Reputation: 377
i have a kind of special problem (at least i think it is one ^^). I hope i can describe what i want to do:
I have a set of terms (Strings) each term also has a score (double). I now want to match these terms to the documents in my lucene index.
But i want to consider all possible combinations of these terms. At first my idea was to simply build a Giant
`BooleanQuery: field1:term1 OR field1:term2 .... OR field2:term1 OR field2:term2 ...`
But this query would of course not return the same results as generating a separate query for each term:
`Query1: field1:term1 OR field2:term1 ...`
`Query2: field1:term2 OR field2:term2 ...`
The problem is, my application is an ir-application, these terms are generated / extracted automatically and i don't know, which of the terms should be searched for together or better alone. So i want to have the "best of both worlds".
Is there a way to have a query that searches for all possible combinations of my List of terms?
Of course i could make some loops and generate a query for every possible combination but that will probably run forever...
Hope you understand what I want and can help me :) thanks!
Upvotes: 0
Views: 341
Reputation: 33341
Not quite sure what the final result set you want is, but here are a couple of possibilities:
If you simply want every match in any searched field against either term, then:
field1:term1 OR field1:term2 .... OR field2:term1 OR field2:term2 ...
Or
field1:term1 field1:term2 .... field2:term1 field2:term2 ...
is perfectly adequate.
If you want only want results that have at least one match on all available terms, but in any searched field, then you could structure the query like this:
+(field1:term1 field2:term1) +(field1:term2 field2:term2) ...
Alternatively, you could merge the fields you want to search here into a single searchable field, making them much easier to search together. Whether that is the better way to accomplish this depends on your application though.
As far as tuning your query to prevent one term dominate your search results:
I think the first step on tuning your query would be to find out why certain terms are dominating your results. Key to that would be learning to use: IndexSearcher.explain(query,doc). This will explain how the document was scored. Luke provides a nice interface to try queries against an index, and see why documents get the scores they do.
Also, TFIDFSimilarity documents the main pieces of the DefaultSimilarity class that calculates the scores by default. The documentation there will help to understand certain aspects of the scoring parameters displayed in Luke/explain(query,doc).

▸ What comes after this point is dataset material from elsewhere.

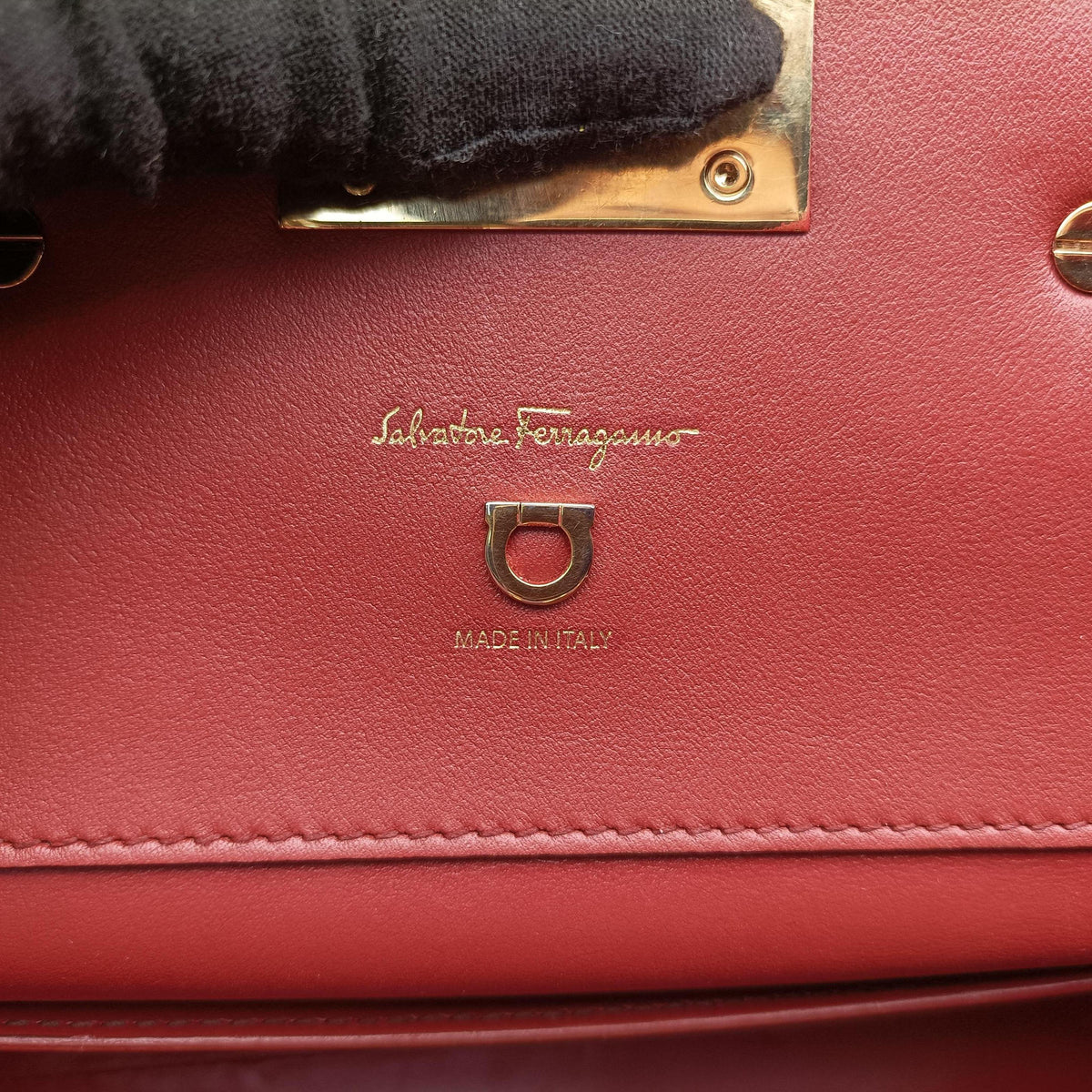 Vintage Ferragamo Studio Red Leather 21H159 shoulderbag | stylenewstar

My best guess at the problem, is that you may be hitting with the same common term in multiple fields. This will compound the score for that term in each field it's found in, and can wipe out results for terms that appear in only one field (but may be equally relevant, in your case). In that case, you can fix it by wrapping multiple field searching the same term with a DisjunctionMaxQuery.
For example:
BooleanQuery root = new BooleanQuery()
DisjunctionMaxQuery dismax1 = new DisjunctionMaxQuery(1.1);
dismax.add(new TermQuery(new Term("field1", "term1")));
dismax.add(new TermQuery(new Term("field2", "term1")));
//etc
root.add(dismax1, BooleanClause.occur.SHOULD);
DisjunctionMaxQuery dismax2 = new DisjunctionMaxQuery(1.1);
dismax.add(new TermQuery(new Term("field1", "term2")));
dismax.add(new TermQuery(new Term("field2", "term2")));
//etc
root.add(dismax2, BooleanClause.occur.SHOULD);
Upvotes: 1
Reputation: 26703
Not sure if this will be helpful, but you could take the information from all the fields and duplicating them in another single field.
I know it's redundant but if the disk space is not a problem, it could be more convenient to run queries so your query becomes
aggr_field:(term1 OR term2 OR term3)
Upvotes: 0